» **EXERCISE OBJECTIVE**
Please repeat, exactly and without pictures, the lines of the entries below that run from the one containing "CALORTEC 70 RED" through the one containing "1698486222724.webp".
+++ DATA EXCERPTS
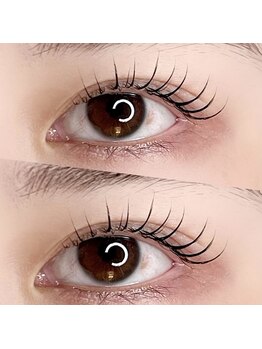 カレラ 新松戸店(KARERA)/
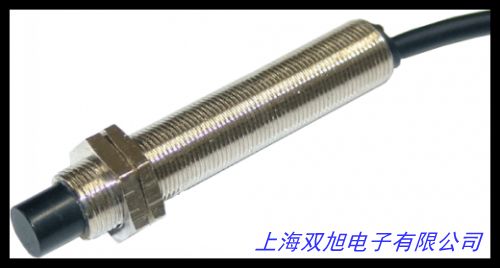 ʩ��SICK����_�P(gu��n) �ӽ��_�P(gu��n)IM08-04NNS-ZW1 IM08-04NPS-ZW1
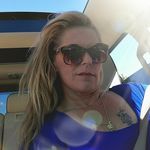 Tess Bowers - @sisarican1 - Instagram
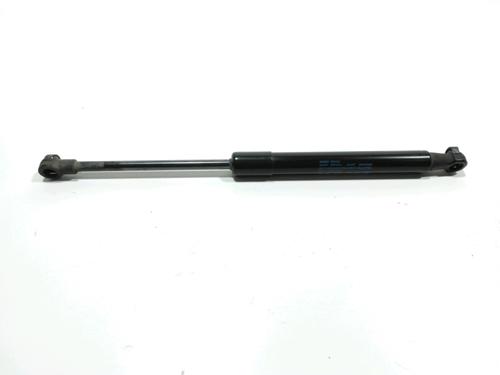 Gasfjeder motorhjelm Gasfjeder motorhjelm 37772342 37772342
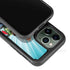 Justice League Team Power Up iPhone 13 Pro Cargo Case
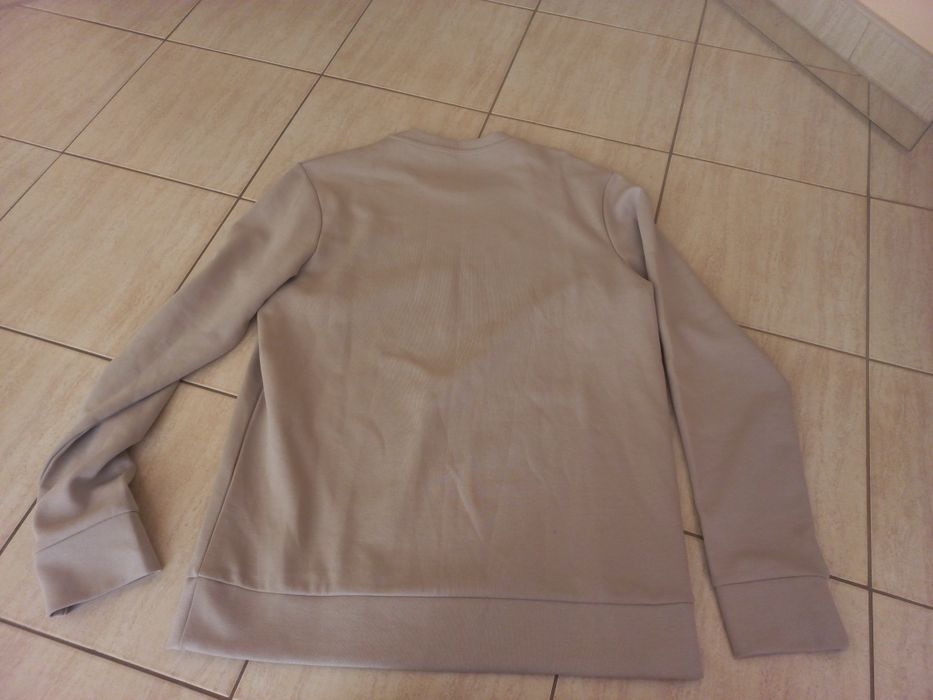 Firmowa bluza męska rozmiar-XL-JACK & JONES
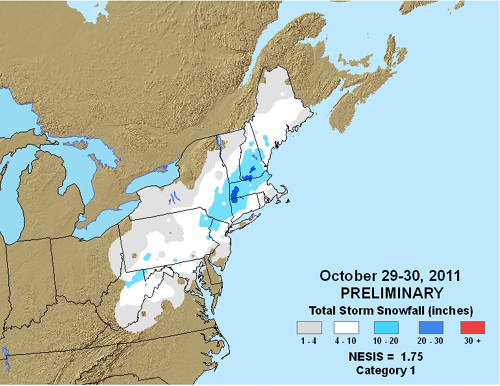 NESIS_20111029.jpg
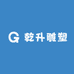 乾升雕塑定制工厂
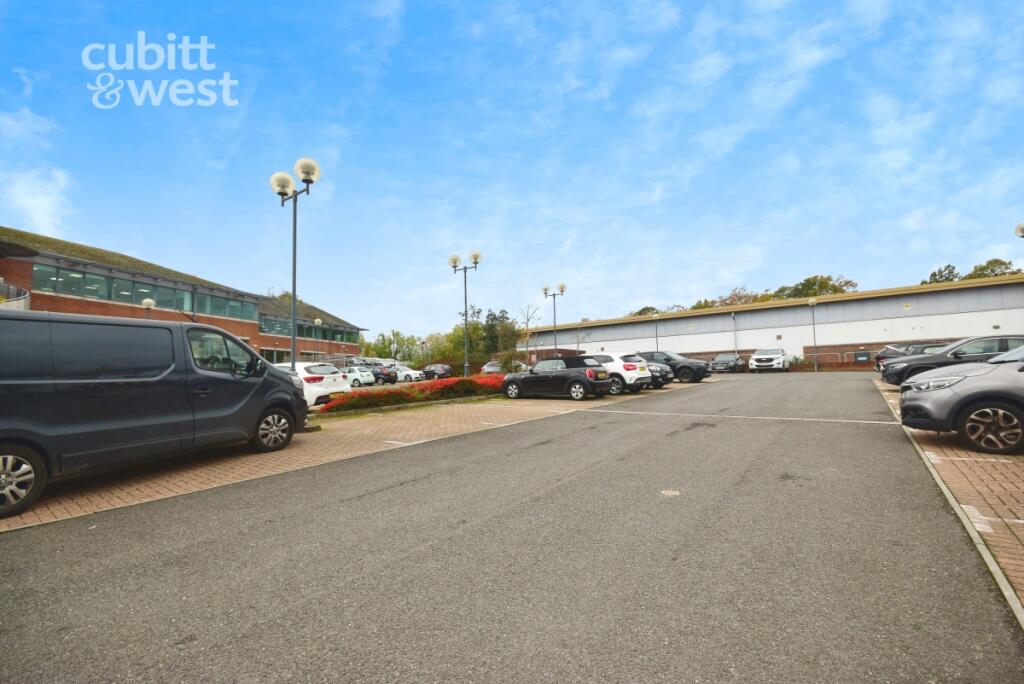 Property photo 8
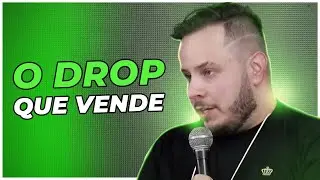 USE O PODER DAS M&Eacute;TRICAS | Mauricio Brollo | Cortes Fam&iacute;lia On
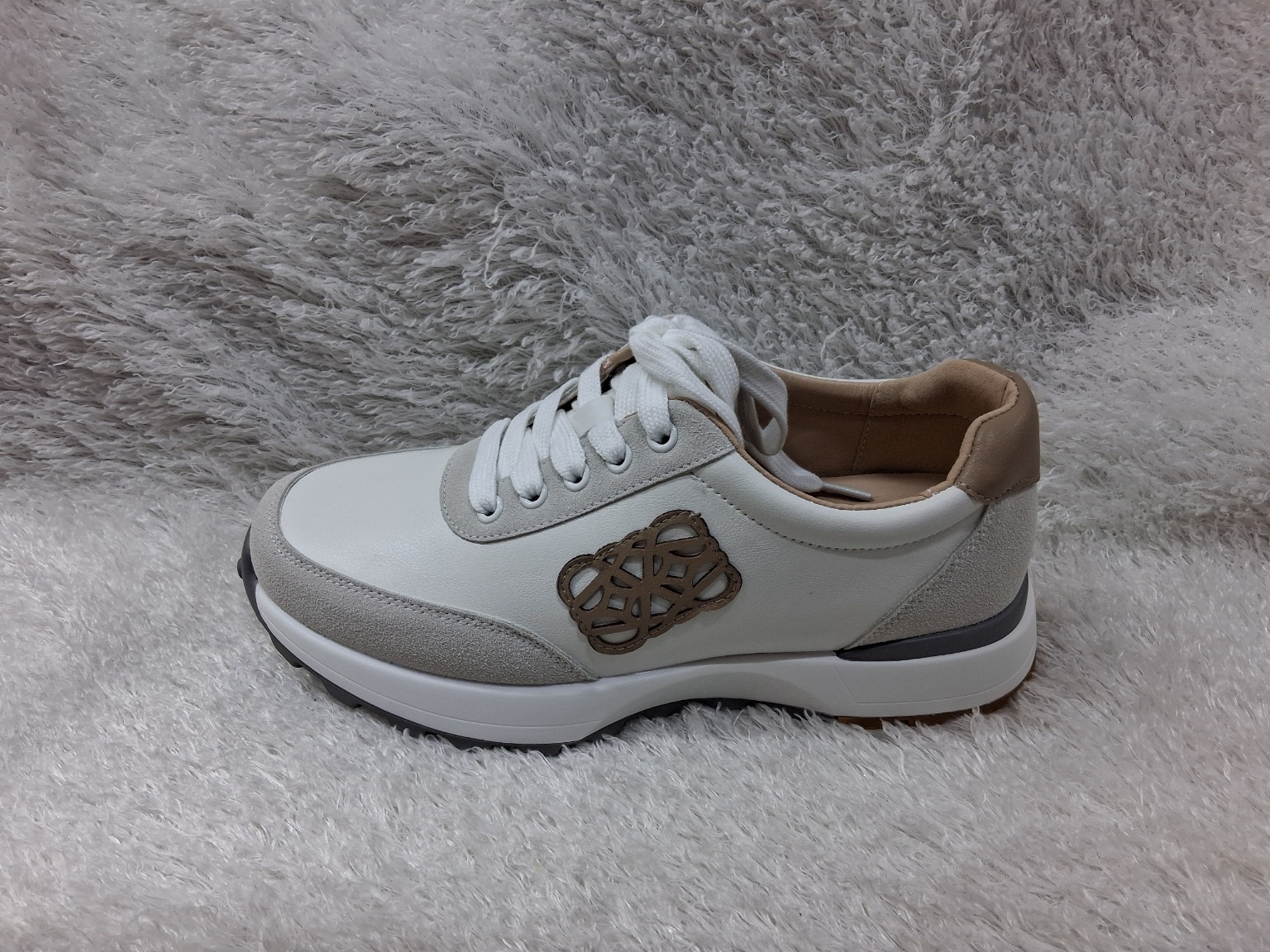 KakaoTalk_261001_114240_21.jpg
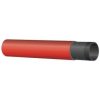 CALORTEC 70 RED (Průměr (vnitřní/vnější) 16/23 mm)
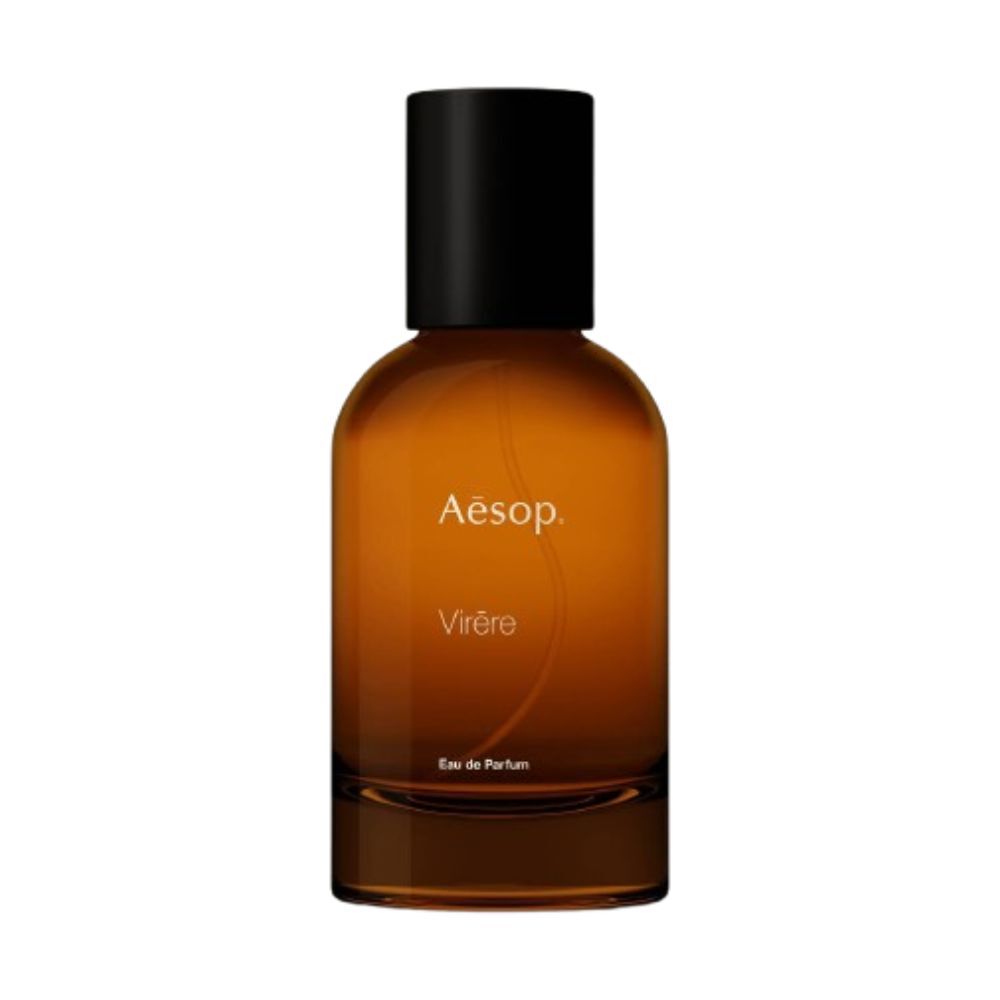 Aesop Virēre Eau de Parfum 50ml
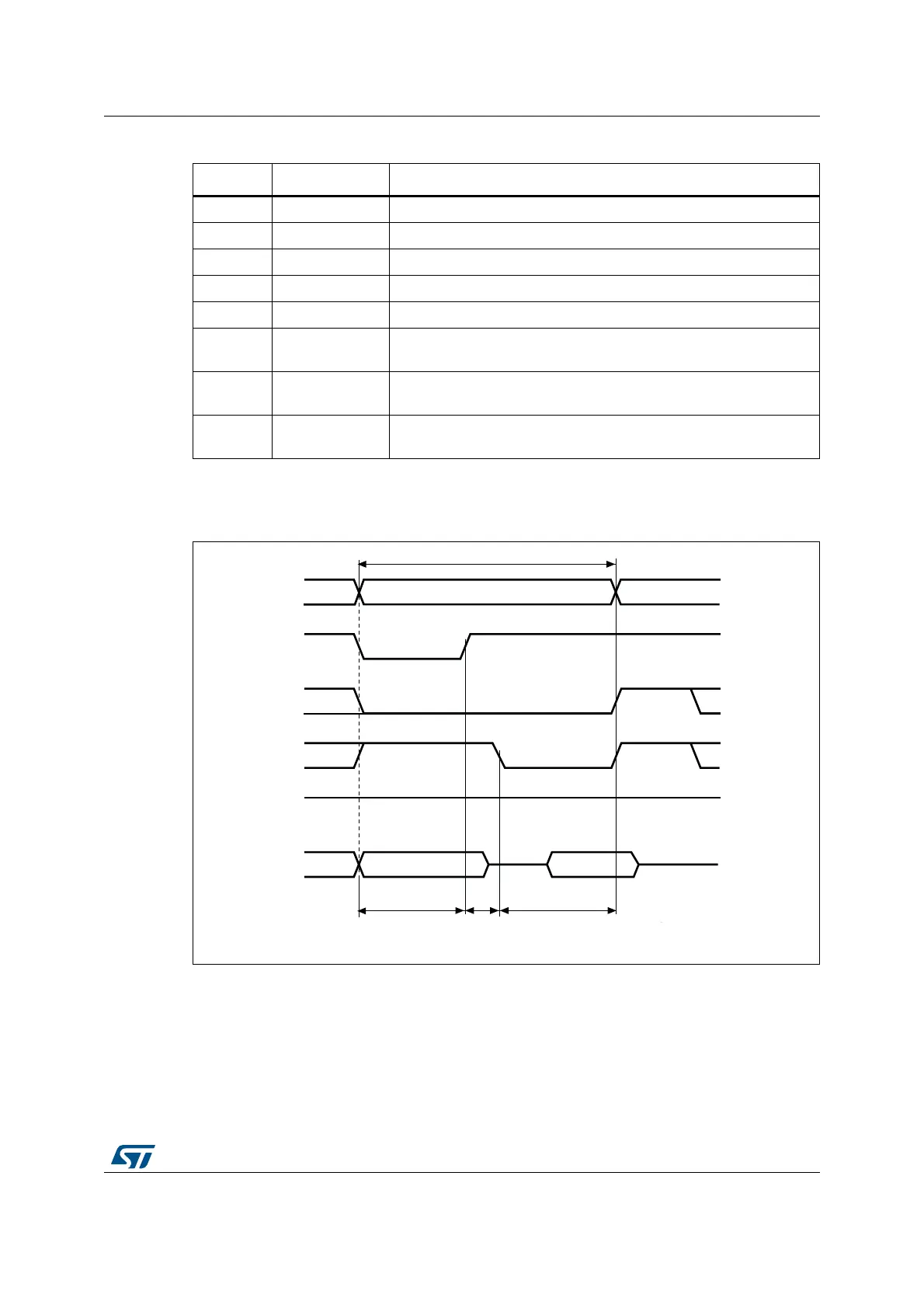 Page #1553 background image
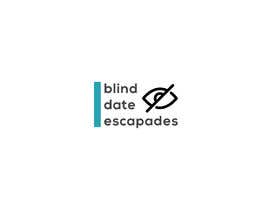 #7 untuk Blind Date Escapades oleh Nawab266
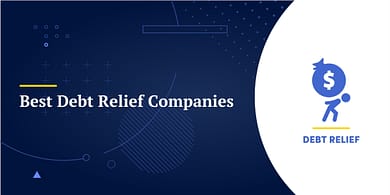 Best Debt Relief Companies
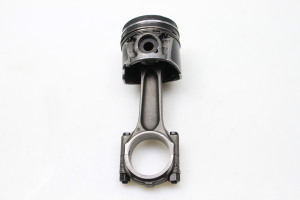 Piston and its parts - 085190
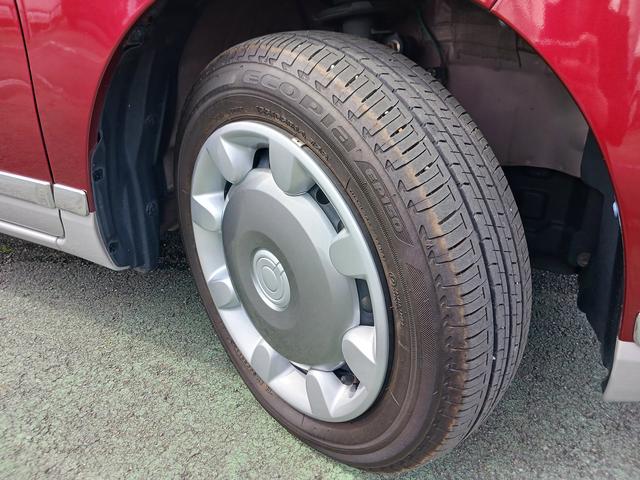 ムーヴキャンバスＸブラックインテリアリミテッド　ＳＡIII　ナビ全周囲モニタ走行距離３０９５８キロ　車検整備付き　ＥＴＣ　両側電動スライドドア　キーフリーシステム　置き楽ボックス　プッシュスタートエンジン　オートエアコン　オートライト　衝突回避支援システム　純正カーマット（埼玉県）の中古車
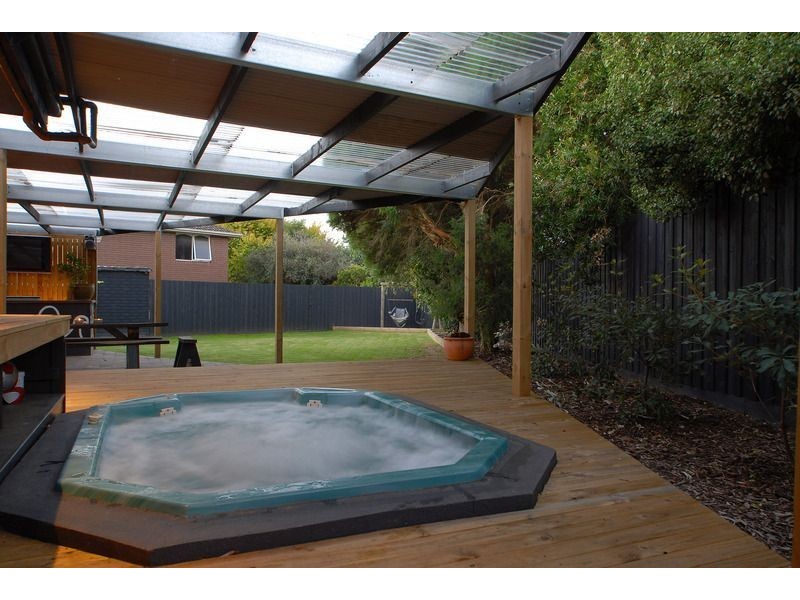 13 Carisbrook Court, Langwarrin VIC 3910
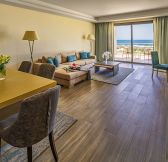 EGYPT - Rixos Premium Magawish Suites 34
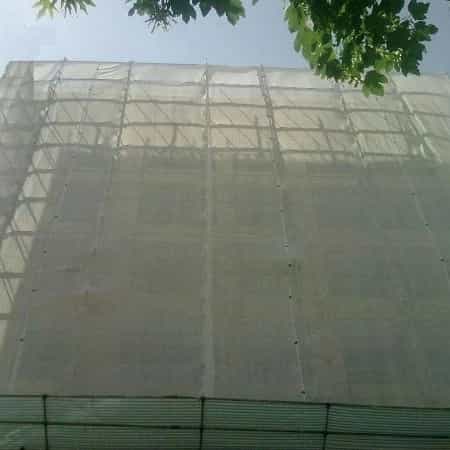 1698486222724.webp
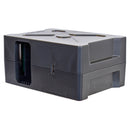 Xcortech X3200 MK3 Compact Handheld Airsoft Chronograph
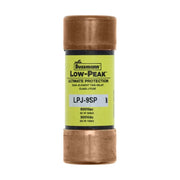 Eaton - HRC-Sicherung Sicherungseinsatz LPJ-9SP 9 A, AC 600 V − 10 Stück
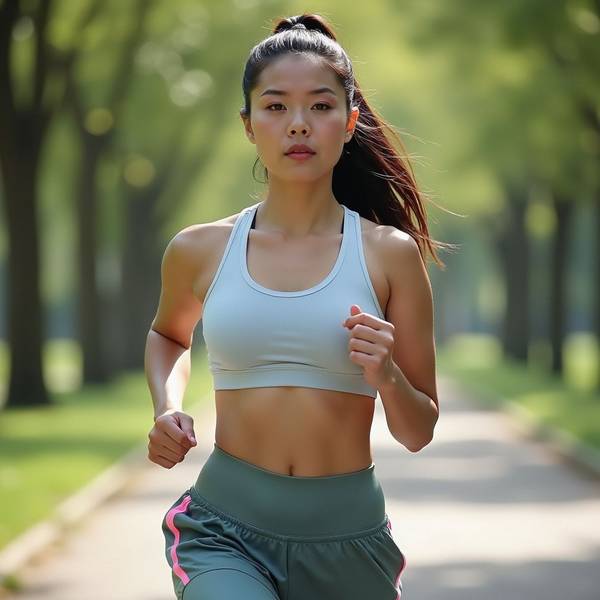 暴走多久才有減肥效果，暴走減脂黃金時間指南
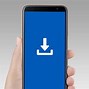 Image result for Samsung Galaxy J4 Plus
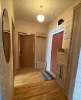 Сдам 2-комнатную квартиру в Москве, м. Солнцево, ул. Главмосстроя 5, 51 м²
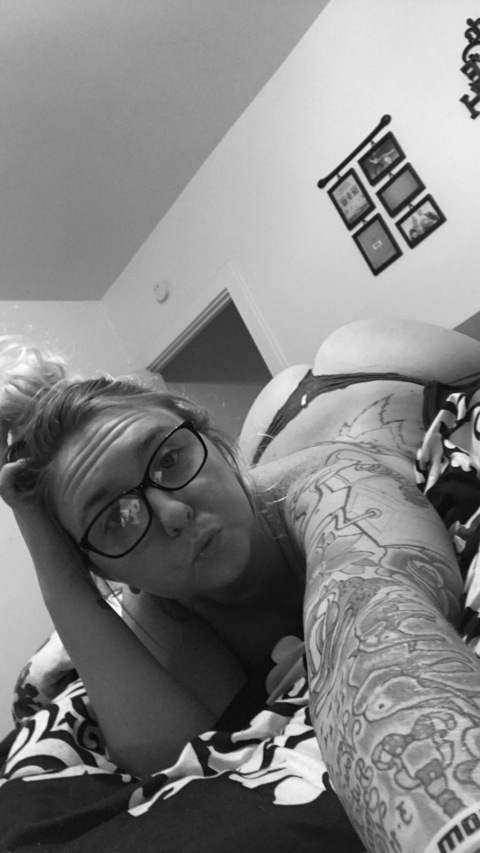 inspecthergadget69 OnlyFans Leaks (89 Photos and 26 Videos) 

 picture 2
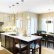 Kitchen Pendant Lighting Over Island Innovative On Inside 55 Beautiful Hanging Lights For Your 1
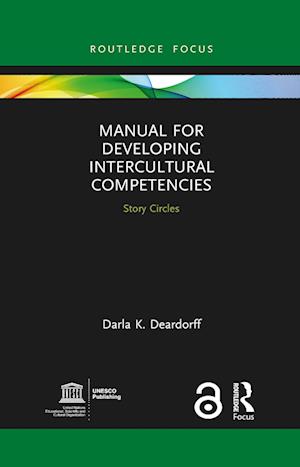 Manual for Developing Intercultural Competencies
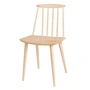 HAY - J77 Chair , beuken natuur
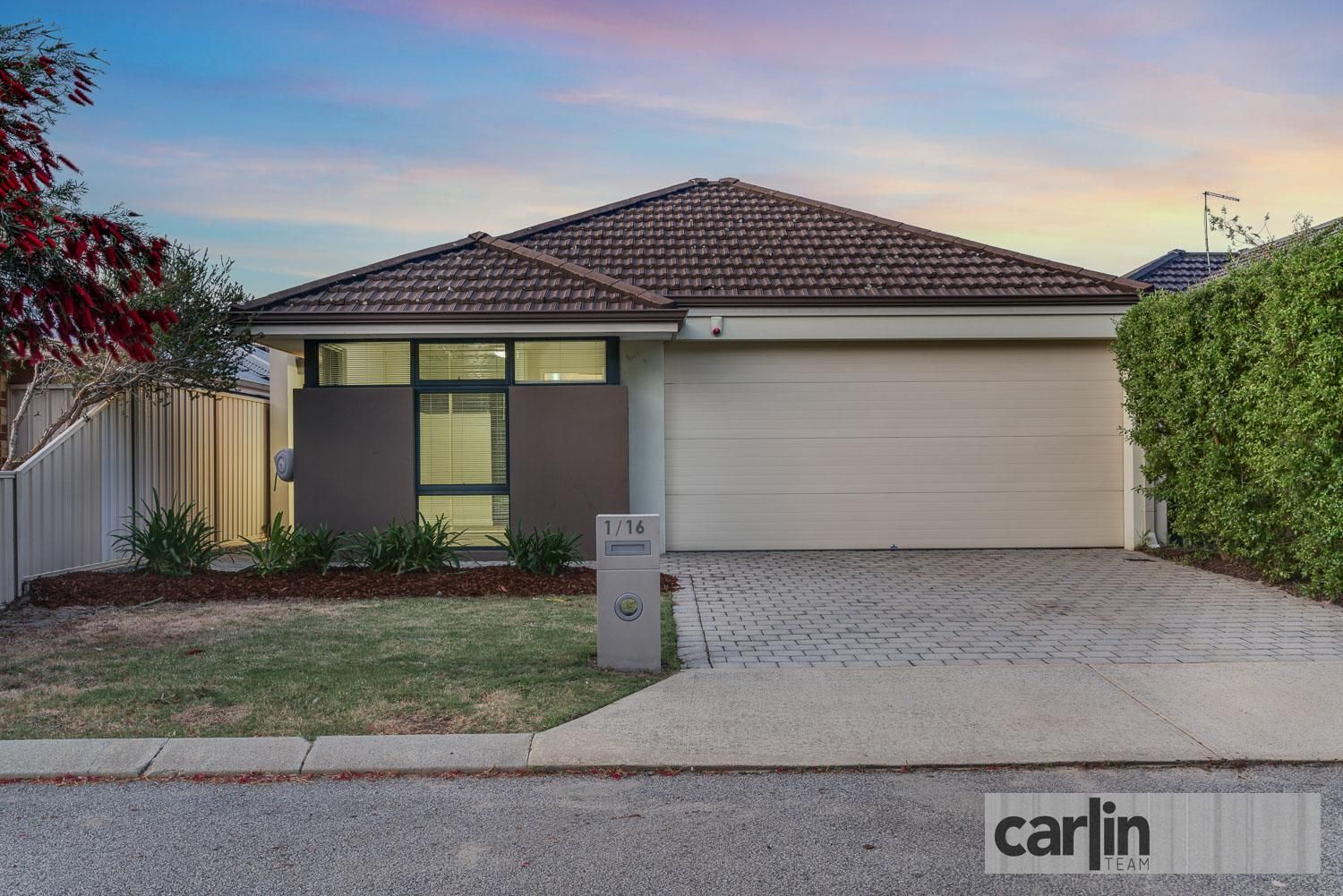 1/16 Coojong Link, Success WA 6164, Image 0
++++++
» **SOLUTION TO THIS TASK**
 CALORTEC 70 RED (Průměr (vnitřní/vnější) 16/23 mm)
 Aesop Virēre Eau de Parfum 50ml
 Page #1553 background image
 #7 untuk Blind Date Escapades oleh Nawab266
 Best Debt Relief Companies
 Piston and its parts - 085190
 ムーヴキャンバスＸブラックインテリアリミテッド　ＳＡIII　ナビ全周囲モニタ走行距離３０９５８キロ　車検整備付き　ＥＴＣ　両側電動スライドドア　キーフリーシステム　置き楽ボックス　プッシュスタートエンジン　オートエアコン　オートライト　衝突回避支援システム　純正カーマット（埼玉県）の中古車
 13 Carisbrook Court, Langwarrin VIC 3910
 EGYPT - Rixos Premium Magawish Suites 34
 1698486222724.webp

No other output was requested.